- Theatrical release poster

Japanese name
- Kanji: 三大怪獣グルメ
- Revised Hepburn: San Daikaijū Gurume
- Directed by: Minoru Kawasaki
- Screenplay by: Masakazu Migita
- Based on: An unmade film proposed by Eiji Tsuburaya
- Produced by: Minoru Kawasaki Saguma Shinichi
- Starring: Eiichi Kikuchi
- Cinematography: Makoto Matsuo
- Edited by: Yuta Kawasaki
- Music by: Asaka Kougi
- Production companies: Dentsu Takeshobo Mobacon Pal Entertainments Rivertop
- Distributed by: Pal Entertainments
- Release date: June 6, 2020;
- Running time: 84 minutes
- Country: Japan
- Language: Japanese
- Budget: ¥20 million

= Monster Seafood Wars =

Monster Seafood Wars (三大怪獣グルメ, San Daikaijū Gurume) is a 2020 Japanese kaiju film directed by Minoru Kawasaki. The film is loosely based on an unmade film featuring a giant octopus proposed by Eiji Tsuburaya prior to production of the original 1954 Godzilla film.

== Plot ==
Yuta Tanuma, a former member of the Institute for Super Physics and Chemistry, was dismissed during the development of a powerful drug that enlarges living things, and is currently helping his parents' sushi restaurant. Meanwhile, a giant squid and a giant octopus suddenly appear in Tokyo. Hibiki, a government-organized seafood monster attack unit (SMAT) commander, invited Yuta to SMAT.

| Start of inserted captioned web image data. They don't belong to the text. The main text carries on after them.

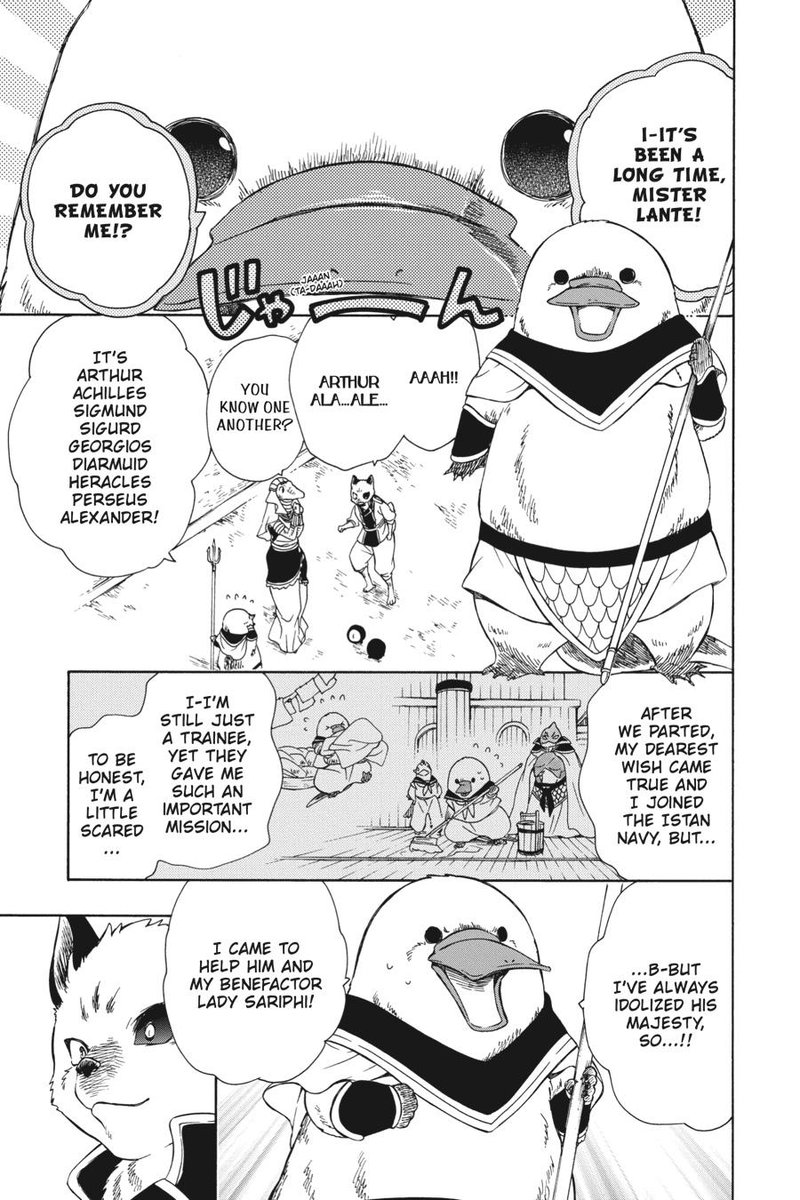 Niehime To Kemono No Ou 85 7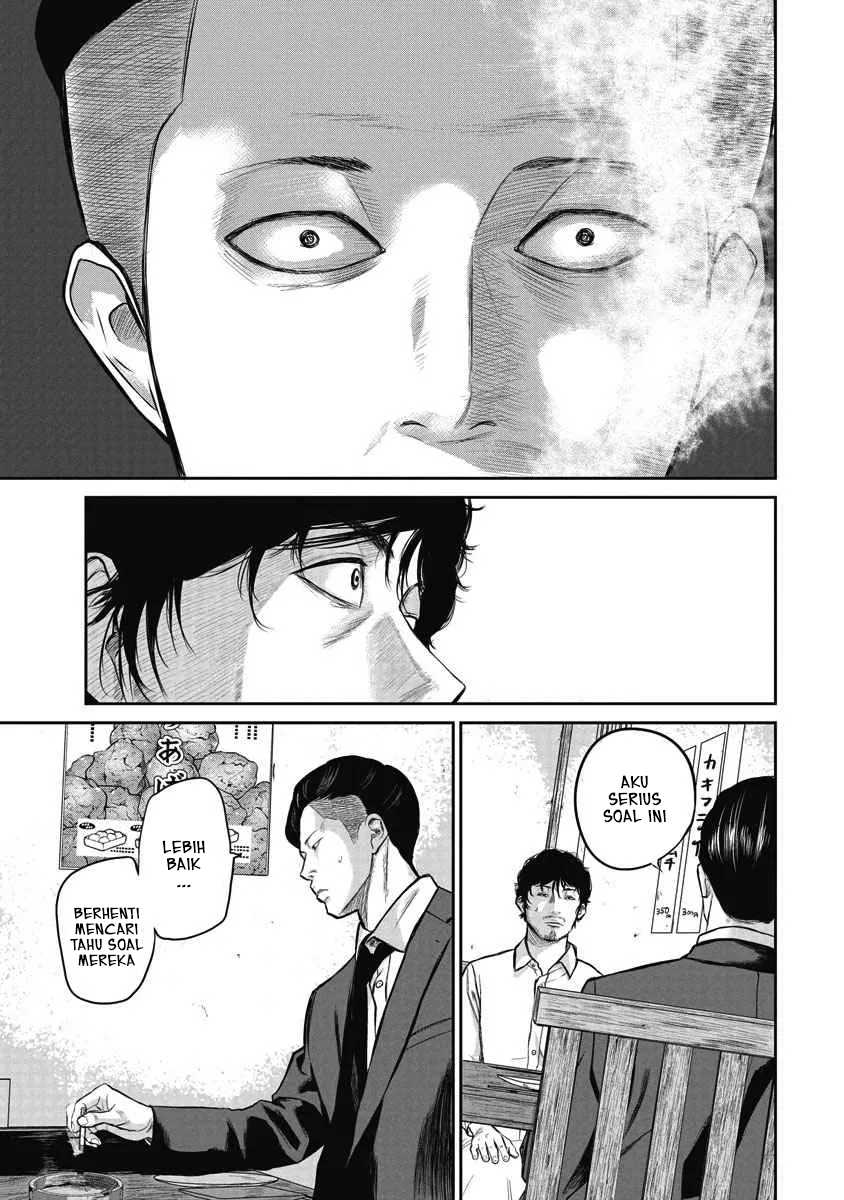 Smiley Chapter 1 - halaman 25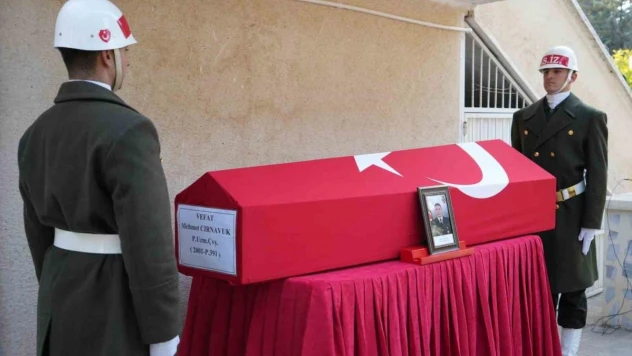 Beyin kanamasından hayatını kaybeden uzman çavuş son yolculuğuna uğurlandı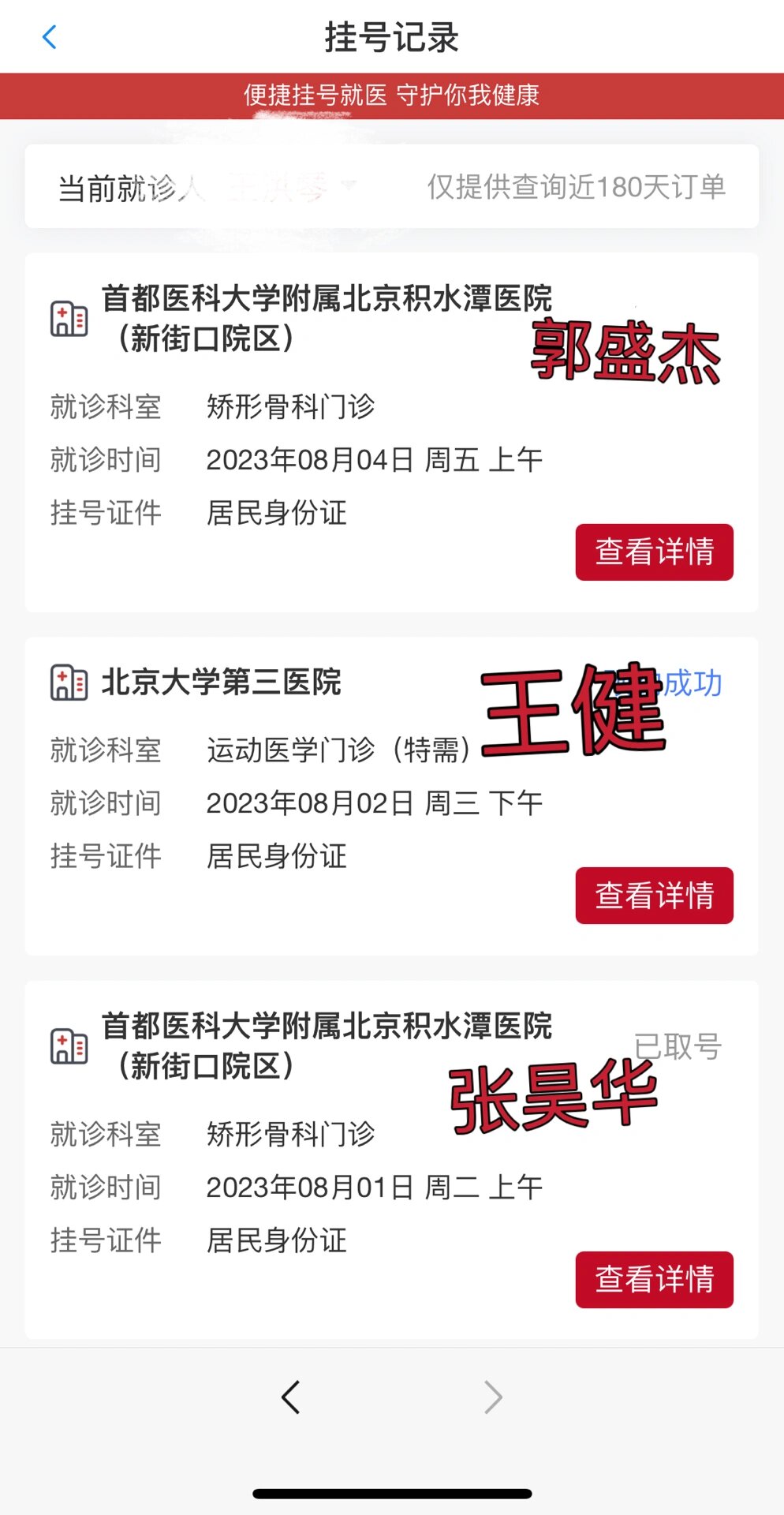 關于北京陪診服務收費	手續代辦掛號號販子聯系電話的信息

SMAT introduces a new weapon "vinegar cannon" to challenge the three major monsters. However, because the monster meat that was cut off by the attack was delicious, a "monster meat boom" occurred in the world.

== Cast ==

- Eiichi Kikuchi as Minoru Hotta
- Yûya Asato as Shinjiro Hikoma
- Ayano Yoshida Christie as Nana Hoshiyama
- Hide Fukumoto as Prime Minister Ube
- Ryô Kinomoto
- Masayuki Kusumi

== Release ==

=== Theatrical ===
Monster Seafood Wars was released in Japan on June 6, 2020.

=== Home media ===
The film was released in the United States by SRS Cinema on VHS and Blu-ray in April 2021.